_REQUIRED WORK_
Find "Outdoor Kitchen Drawers 13" below and begin at its line; stop after the line with "Leg-secured dildo-REALROCK 18". Output those lines exactly, without pictures.

_Entries taken from a collection_
-------------------------
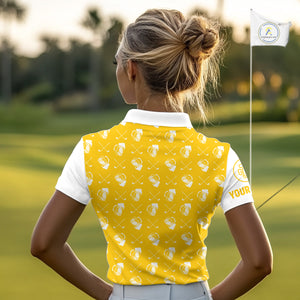 Yellow and white golf pattern Women Golf polo shirts custom name golf beer outfit ladies golf clothes NQS9855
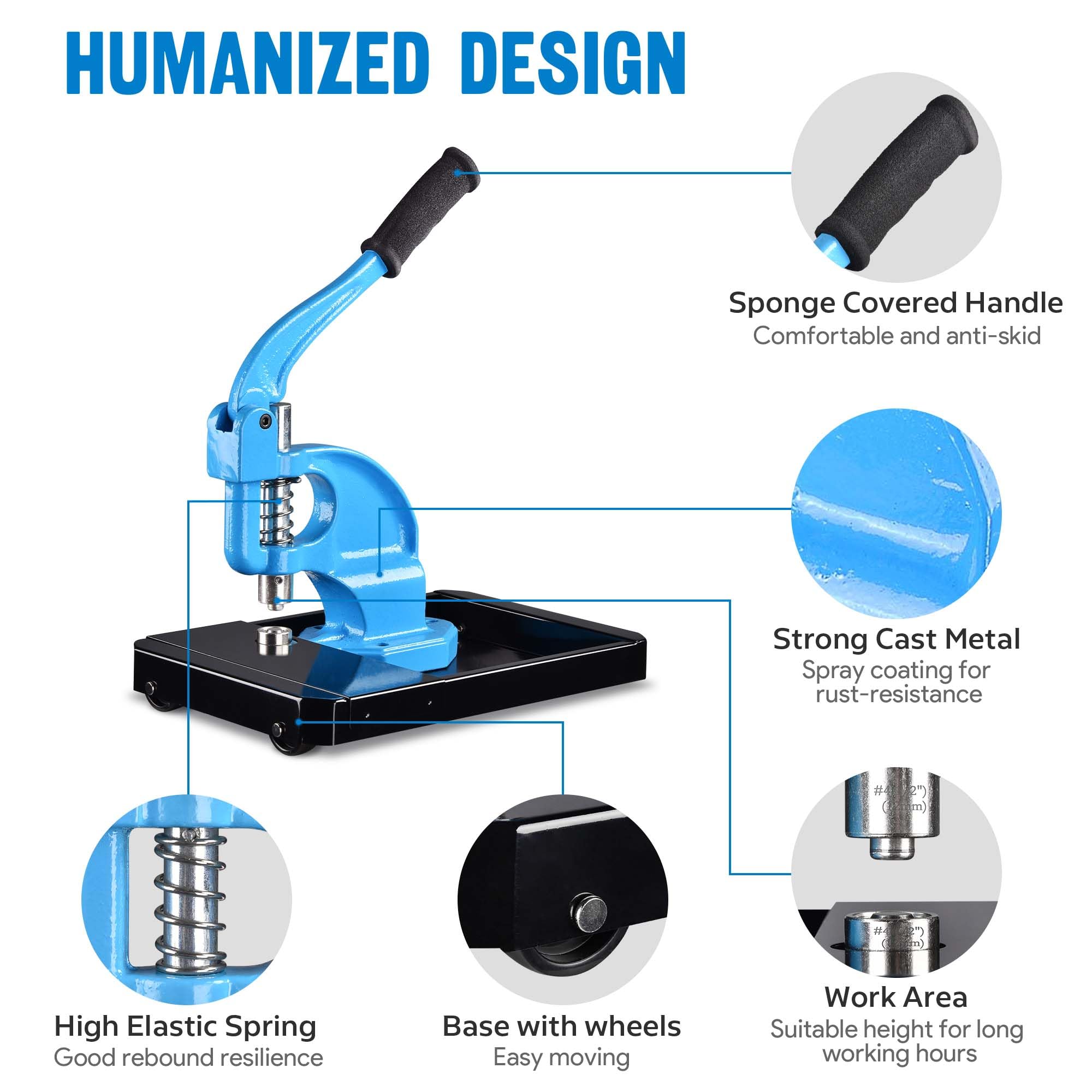 Heavy Duty #0/#2/#4 Die Hand Press Grommet Machine with Rolling Base - 900pcs Eyelets & Washers Punch Tool Kit (YES0389) for Leather, Fabric, Canvas, and DIY Projects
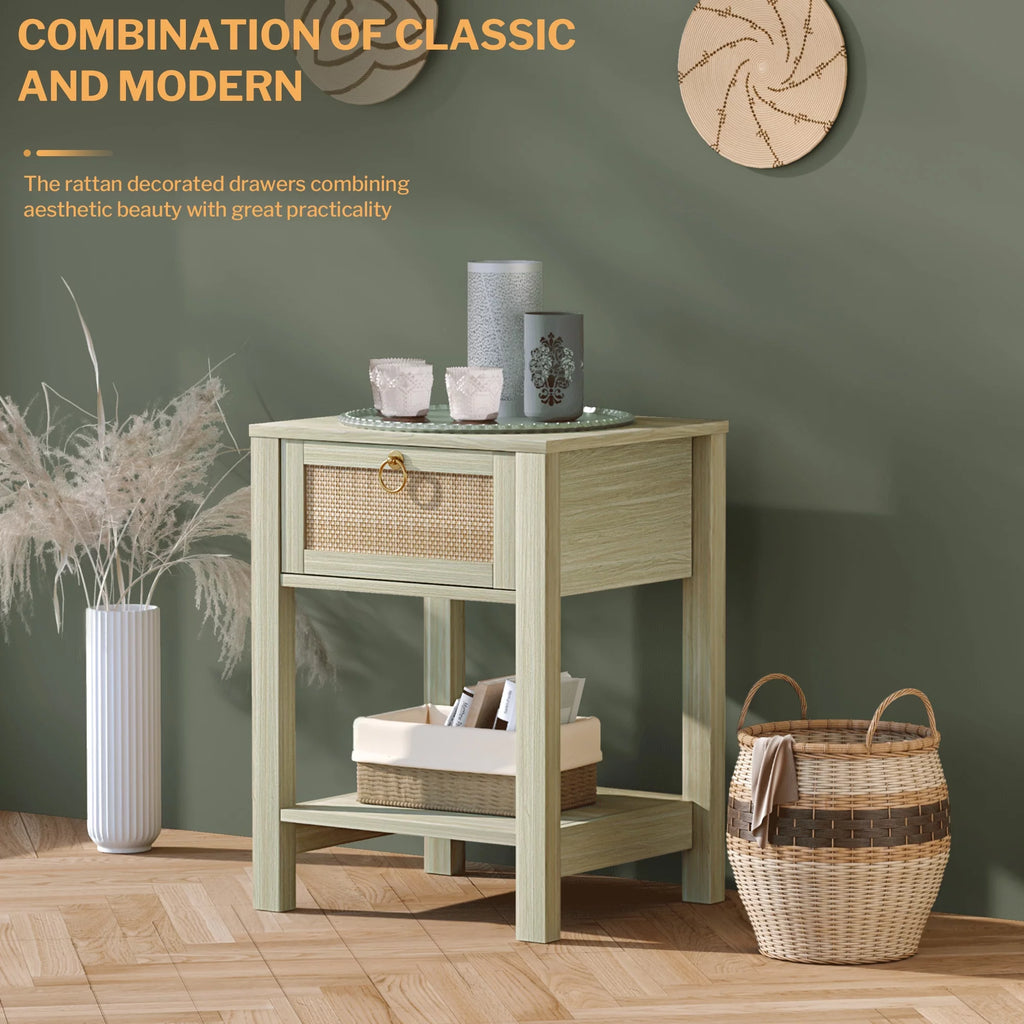 White Nightstand Set of 2 with Rattan Drawer and Open Storage Shelf I32611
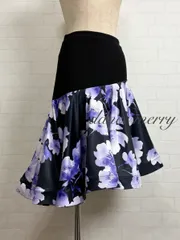 新品　社交ダンス　ラテン　スカート　黒　紫　白　花柄　0314　レッスン　パーティ　チャチャチャ　サンバ　0312　0313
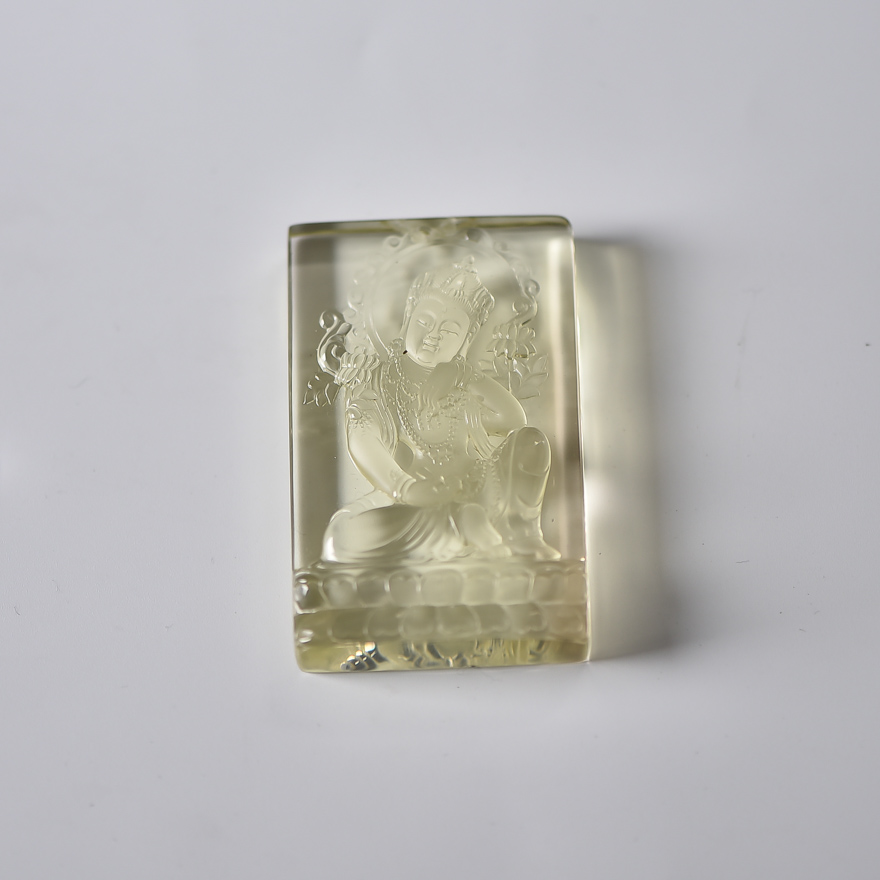 58.45g黄水晶自在观音水晶挂件 省工艺美术大师院小果作品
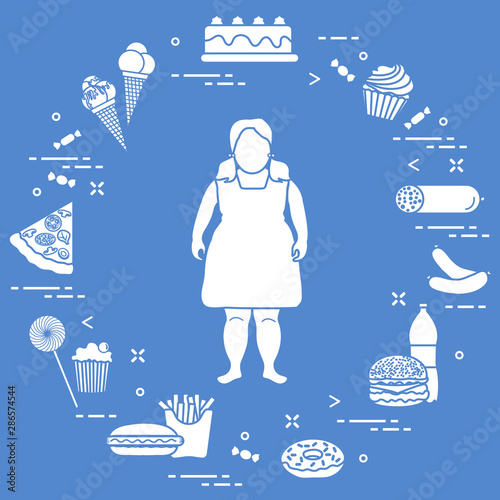 Harmful eating habits and fat girl.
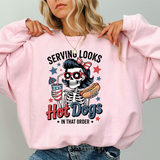 Crewneck Sweatshirt - "Serving Looks, Hot Dogs in That Order" Patriotic Skull Graphic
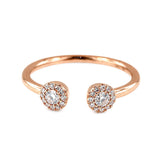 14K Gold Diamond 2MM Open Fashion Ring Band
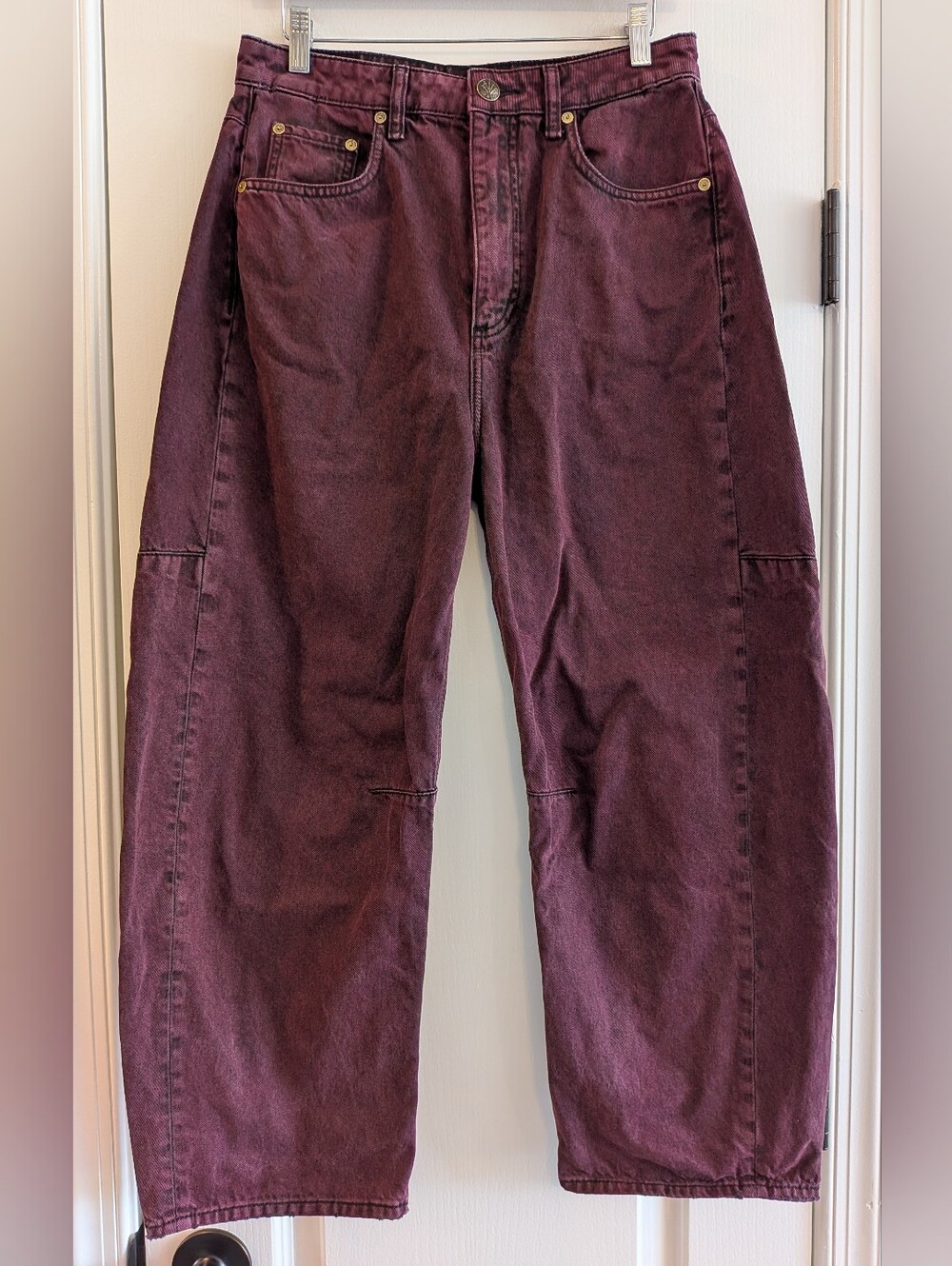 Rag & Bone Charlie High Rise Ankle Barrel Leg Jeans Burnt Burgundy Denim Size 27 - Picture 3 of 15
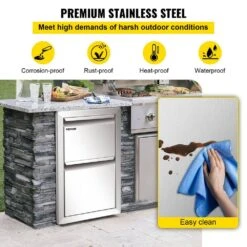Outdoor Kitchen Drawers 13 In. W X 20.5 In. H X 21 In. D BBQ Island Drawers Flush Mount Double BBQ Access Drawers -Vevor vevor outdoor kitchen drawers ctg22x15x20000001v0 1f 1000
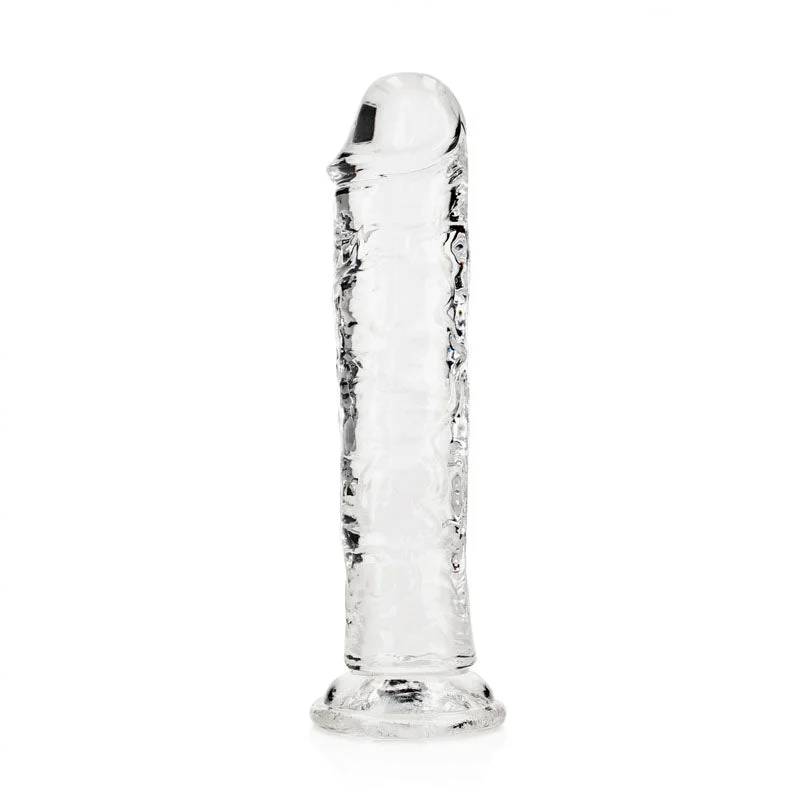 Leg-secured dildo-REALROCK 18 cm Straight Dildo - Clear (7'')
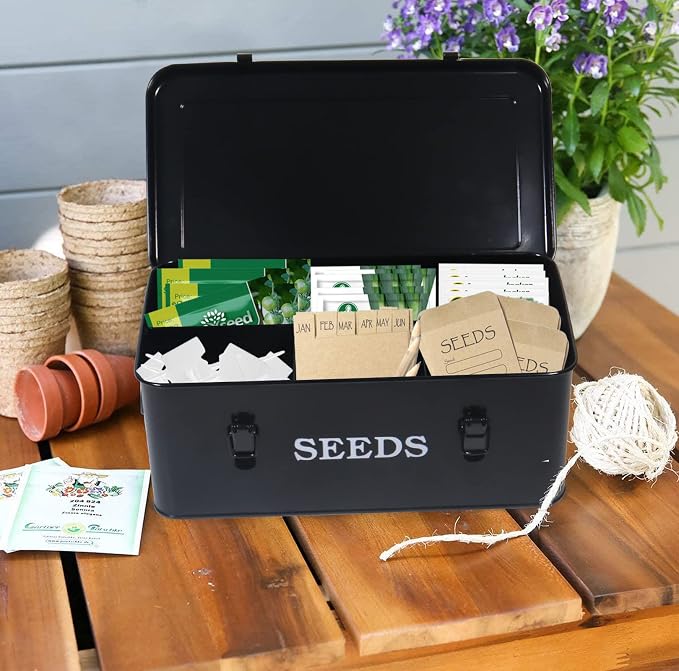 Seed Saving Box, Metal Seed Bin, Seed Storage Organizer, Seed Packet Container - Image 6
-------------------------
_RESULT OF THIS EXERCISE_
Outdoor Kitchen Drawers 13 In. W X 20.5 In. H X 21 In. D BBQ Island Drawers Flush Mount Double BBQ Access Drawers -Vevor vevor outdoor kitchen drawers ctg22x15x20000001v0 1f 1000
 Leg-secured dildo-REALROCK 18 cm Straight Dildo - Clear (7'')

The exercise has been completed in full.